◆ Work order
Could you print the stretch of lines below from the one with "Edwardian sapphire and" through the one with "180 Hermosillo Road", exactly as they stand and without any pictures?
[[ Provided data open ]]
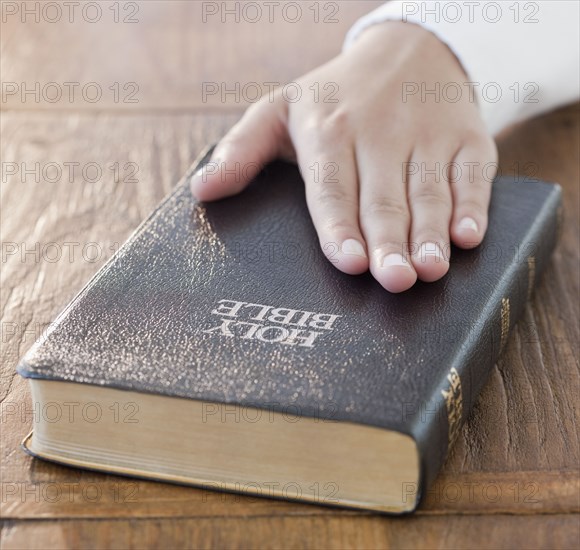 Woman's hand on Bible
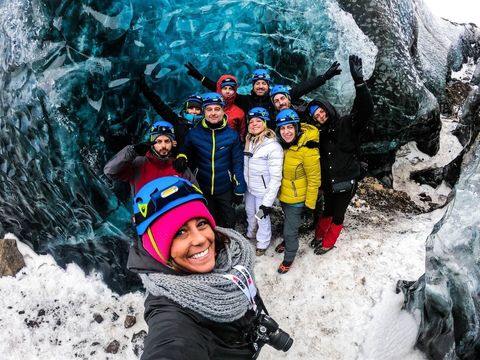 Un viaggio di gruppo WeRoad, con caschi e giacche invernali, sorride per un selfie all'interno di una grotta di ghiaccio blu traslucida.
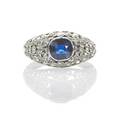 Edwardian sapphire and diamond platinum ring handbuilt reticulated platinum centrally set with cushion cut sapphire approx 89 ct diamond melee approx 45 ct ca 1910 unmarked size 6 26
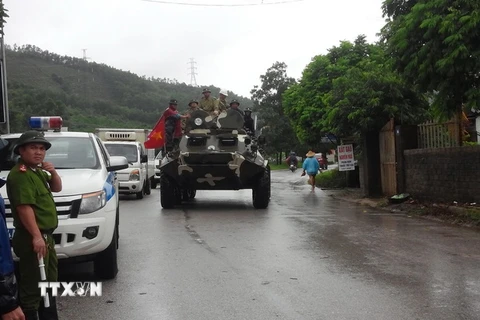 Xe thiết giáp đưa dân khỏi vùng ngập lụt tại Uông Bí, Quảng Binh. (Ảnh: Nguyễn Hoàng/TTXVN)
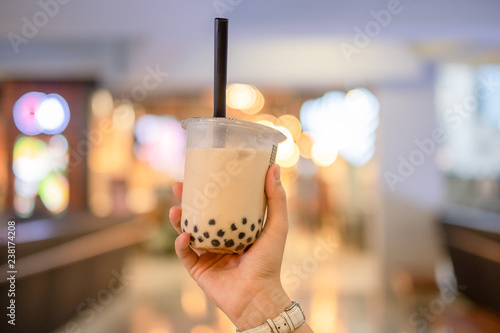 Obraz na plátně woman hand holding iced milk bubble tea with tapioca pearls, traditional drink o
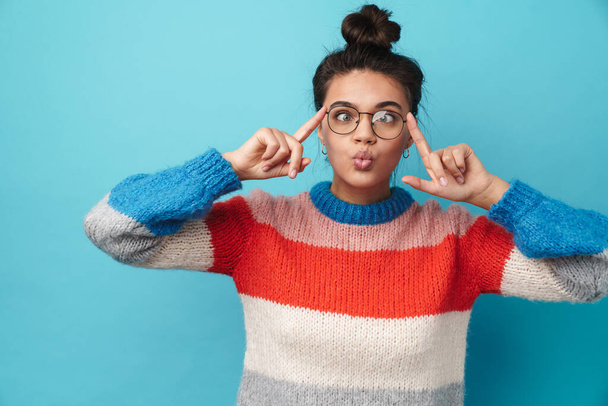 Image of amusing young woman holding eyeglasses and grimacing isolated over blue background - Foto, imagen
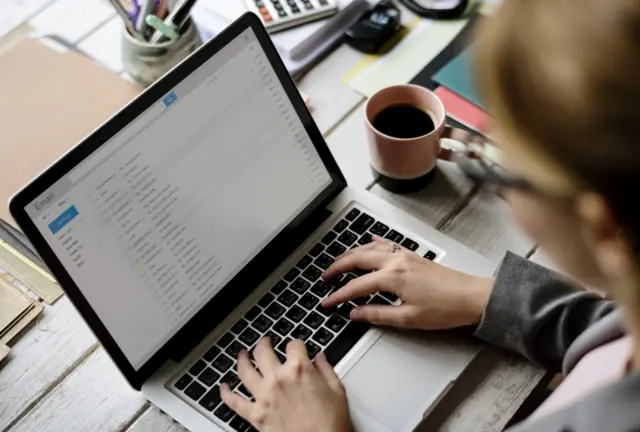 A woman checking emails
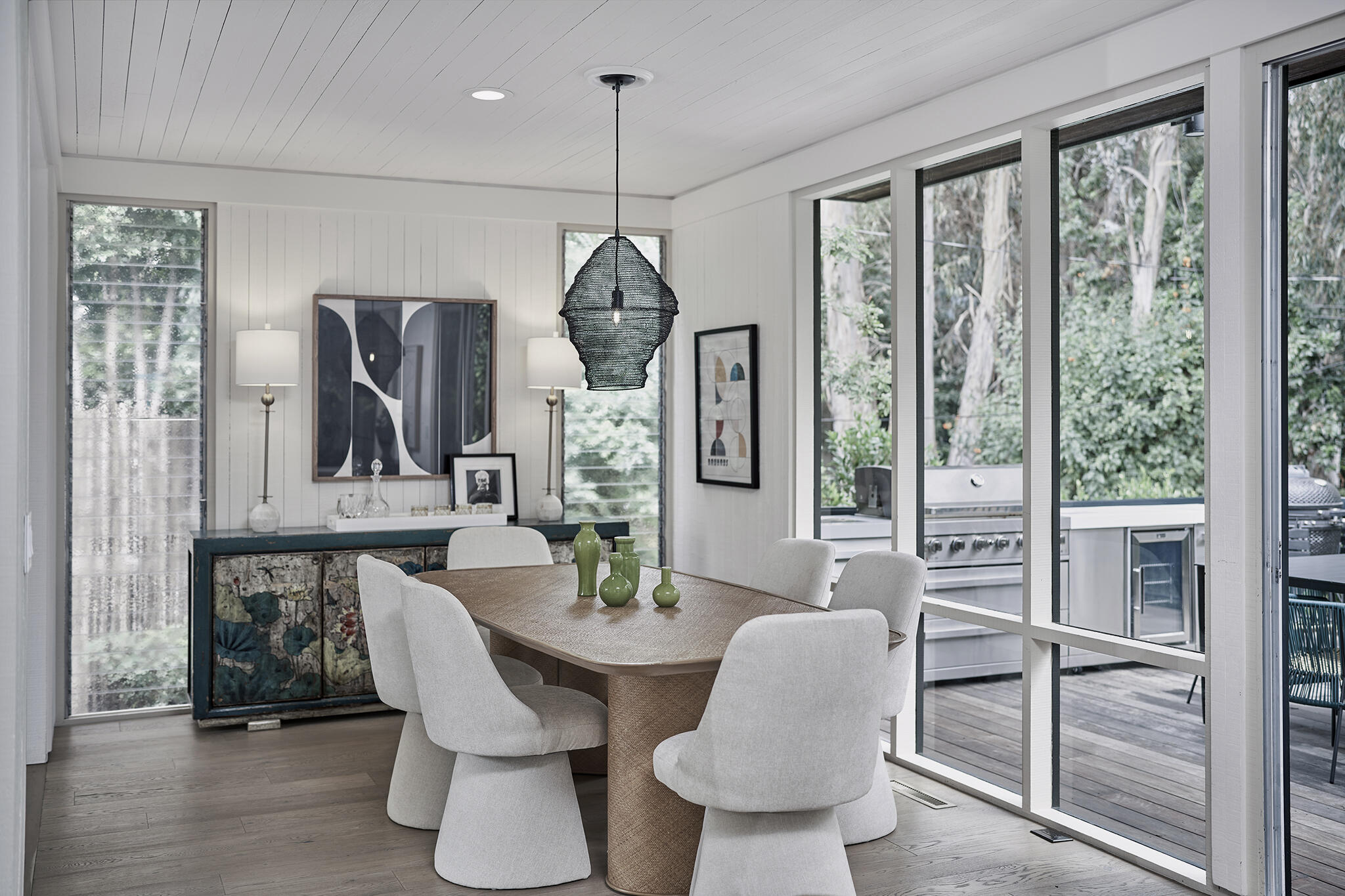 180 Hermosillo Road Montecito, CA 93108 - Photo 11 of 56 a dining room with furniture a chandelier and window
[[ Provided data closed ]]
[[ Provided data open ]]
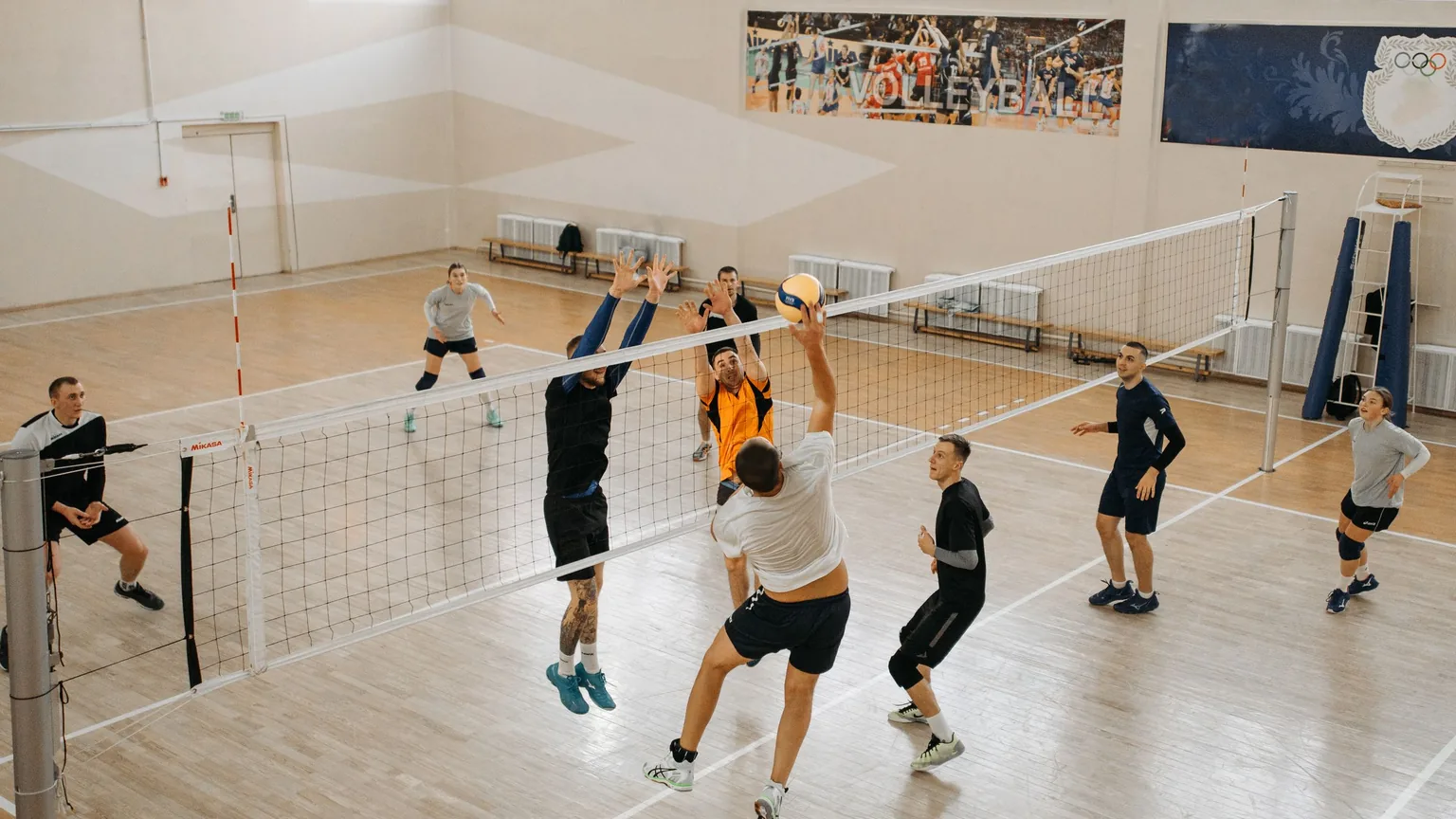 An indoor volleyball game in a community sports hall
[[ Provided data closed ]]
◆ Answer box
 Edwardian sapphire and diamond platinum ring handbuilt reticulated platinum centrally set with cushion cut sapphire approx 89 ct diamond melee approx 45 ct ca 1910 unmarked size 6 26
 Xe thiết giáp đưa dân khỏi vùng ngập lụt tại Uông Bí, Quảng Binh. (Ảnh: Nguyễn Hoàng/TTXVN)
 Obraz na plátně woman hand holding iced milk bubble tea with tapioca pearls, traditional drink o
 Image of amusing young woman holding eyeglasses and grimacing isolated over blue background - Foto, imagen
 A woman checking emails
 180 Hermosillo Road Montecito, CA 93108 - Photo 11 of 56 a dining room with furniture a chandelier and window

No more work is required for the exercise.